Task goal =
Starting with the line that contains "Campionato Pole &", return every line through the end of the listing below exactly as written. Omit the pictures.
____ Supplied data
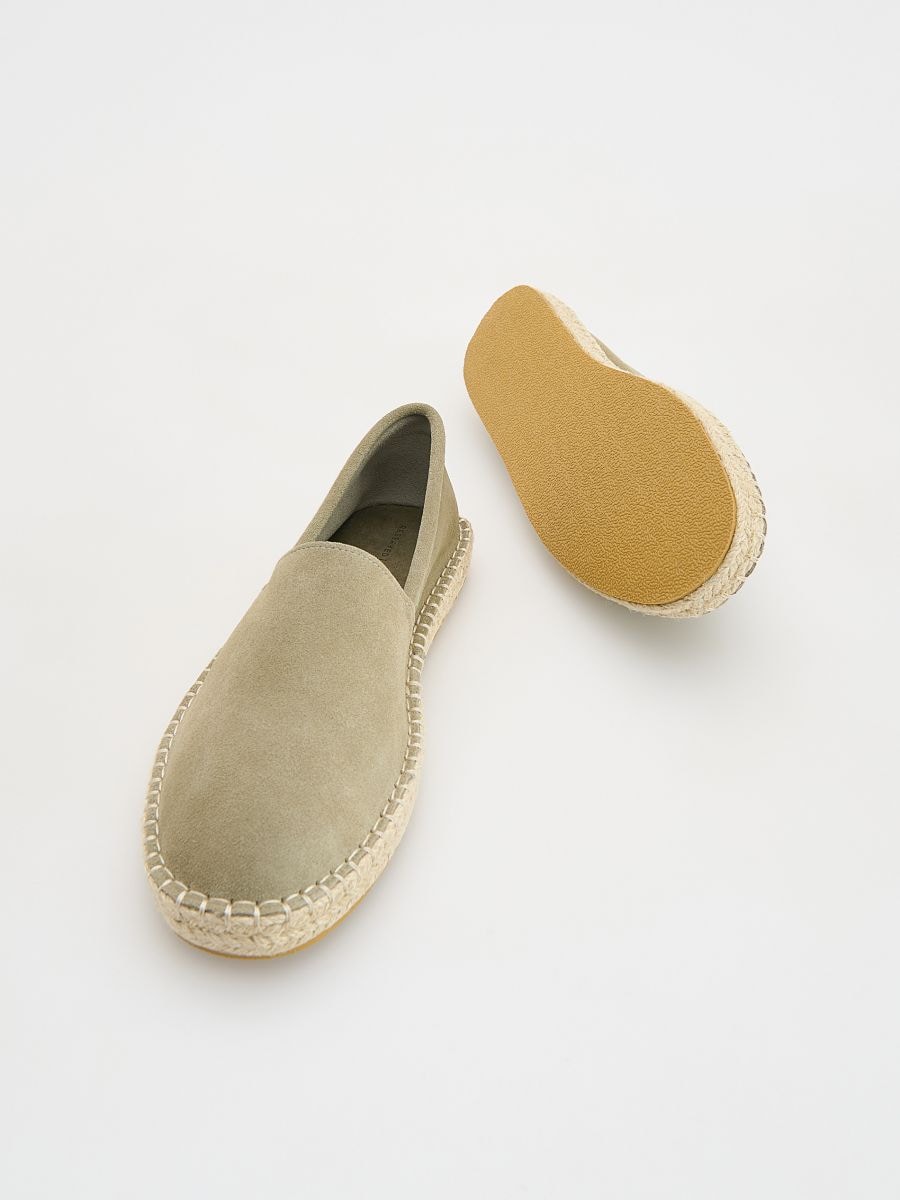 Espadrilles en daim - vert céladon - RESERVED - 6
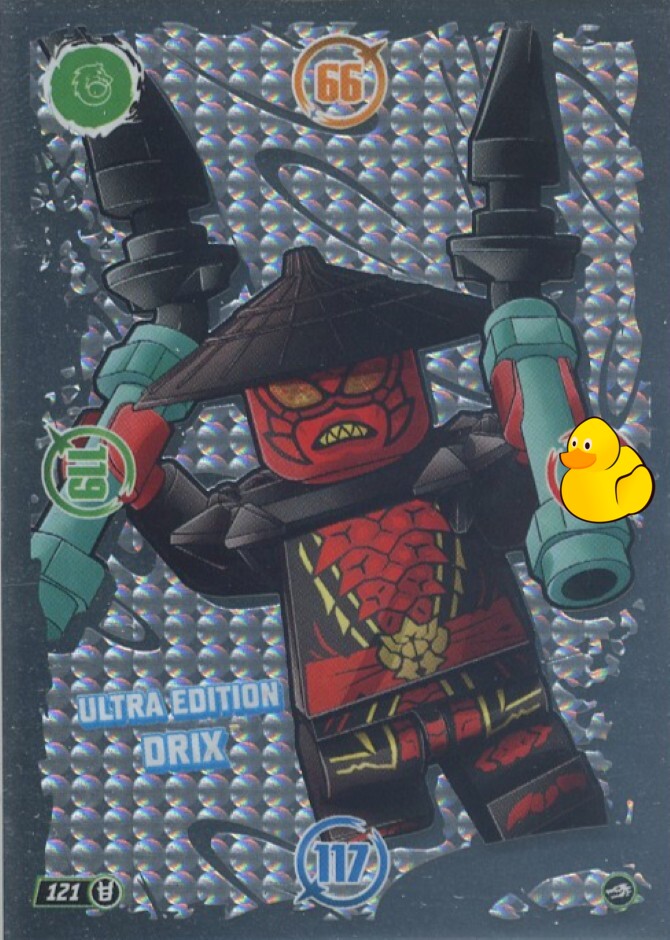 LEGO Ninjago Serie 10 |  #121 Ultra Edition Drix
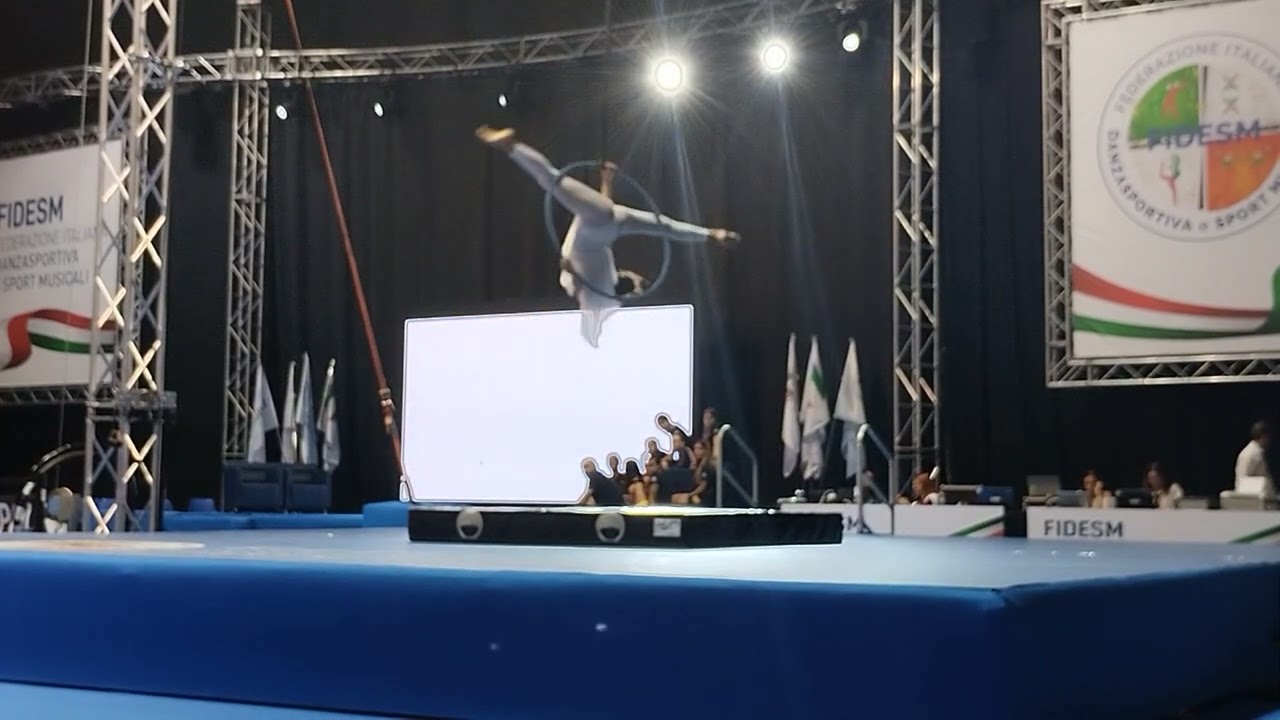 Campionato Pole & Aerial . 20 Luglio 2024. Cerchio aereo, classe B Under 18. Sofia Catania anni 14.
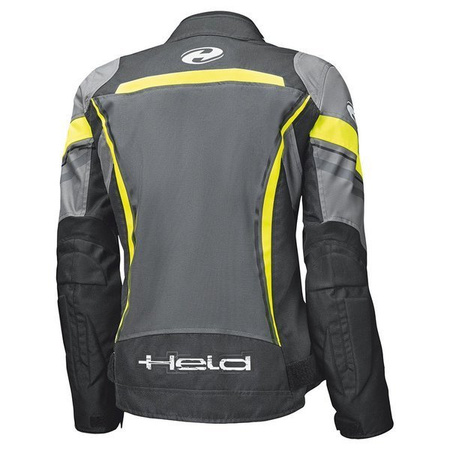 Motocyklowa Kurtka Tekstylna Held Lady Baxley Top Black/Flou Yellow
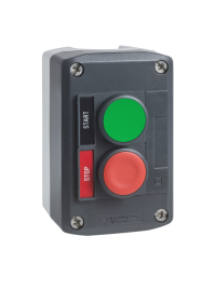 Harmony XALD XALD211H29 - Harmony boite - 2 boutons poussoirs Ø22 - vert /rouge , Schneider Electric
________
Response box =
 Campionato Pole & Aerial . 20 Luglio 2024. Cerchio aereo, classe B Under 18. Sofia Catania anni 14.
 Motocyklowa Kurtka Tekstylna Held Lady Baxley Top Black/Flou Yellow
 Harmony XALD XALD211H29 - Harmony boite - 2 boutons poussoirs Ø22 - vert /rouge , Schneider Electric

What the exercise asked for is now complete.